-------- PROVIDED RECORDS
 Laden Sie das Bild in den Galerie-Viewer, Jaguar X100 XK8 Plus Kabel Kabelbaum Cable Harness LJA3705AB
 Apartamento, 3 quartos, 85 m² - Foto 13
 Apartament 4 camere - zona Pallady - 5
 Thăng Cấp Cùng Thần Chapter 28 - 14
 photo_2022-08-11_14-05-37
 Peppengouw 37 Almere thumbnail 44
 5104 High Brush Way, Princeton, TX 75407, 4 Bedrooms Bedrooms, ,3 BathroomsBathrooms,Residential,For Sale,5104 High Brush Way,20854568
----------------
-------- PROVIDED RECORDS
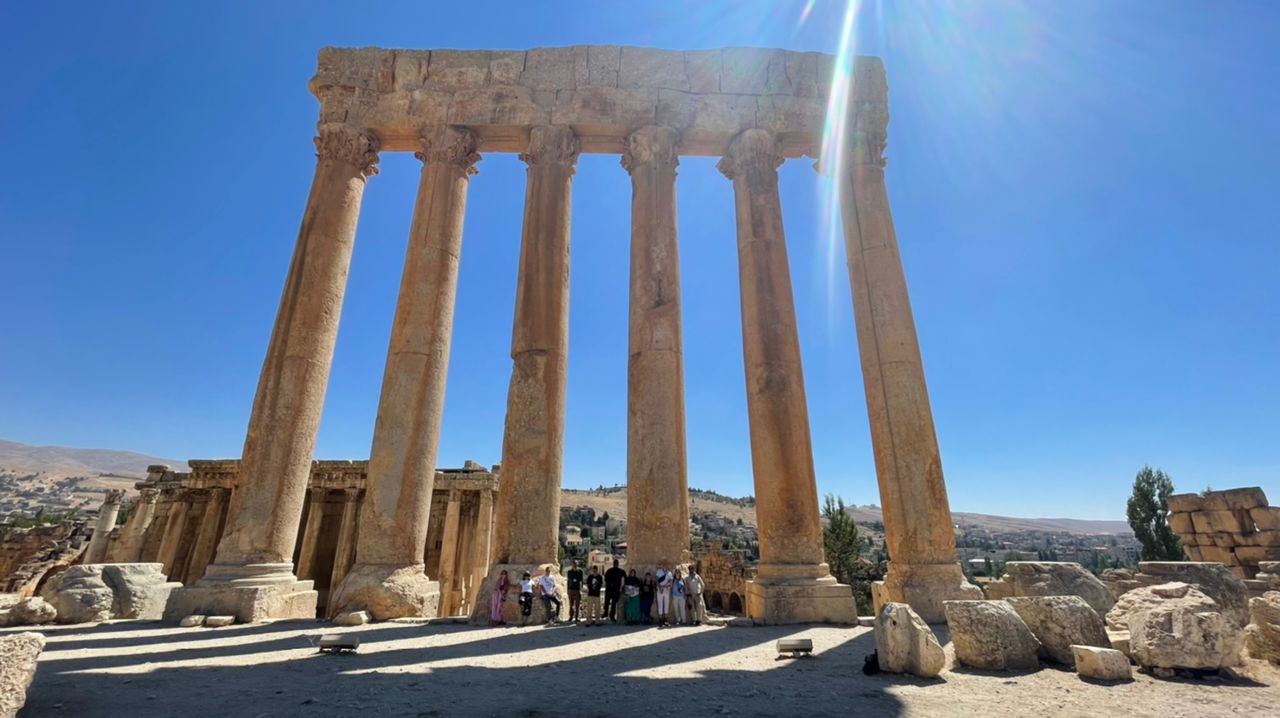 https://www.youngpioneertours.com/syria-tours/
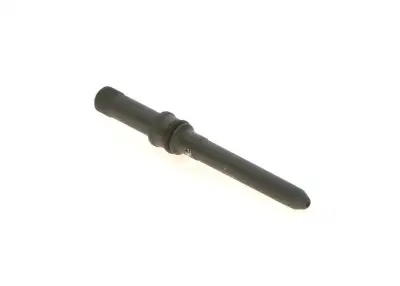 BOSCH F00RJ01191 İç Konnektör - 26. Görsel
----------------
WORK ITEM: Lines wanted from the listing above: the line with "Laden Sie das" up to and including the line with "5104 High Brush Way, Princeton, TX". Please write them out exactly, adding nothing else.

WORKED SOLUTION:
 Laden Sie das Bild in den Galerie-Viewer, Jaguar X100 XK8 Plus Kabel Kabelbaum Cable Harness LJA3705AB
 Apartamento, 3 quartos, 85 m² - Foto 13
 Apartament 4 camere - zona Pallady - 5
 Thăng Cấp Cùng Thần Chapter 28 - 14
 photo_2022-08-11_14-05-37
 Peppengouw 37 Almere thumbnail 44
 5104 High Brush Way, Princeton, TX 75407, 4 Bedrooms Bedrooms, ,3 BathroomsBathrooms,Residential,For Sale,5104 High Brush Way,20854568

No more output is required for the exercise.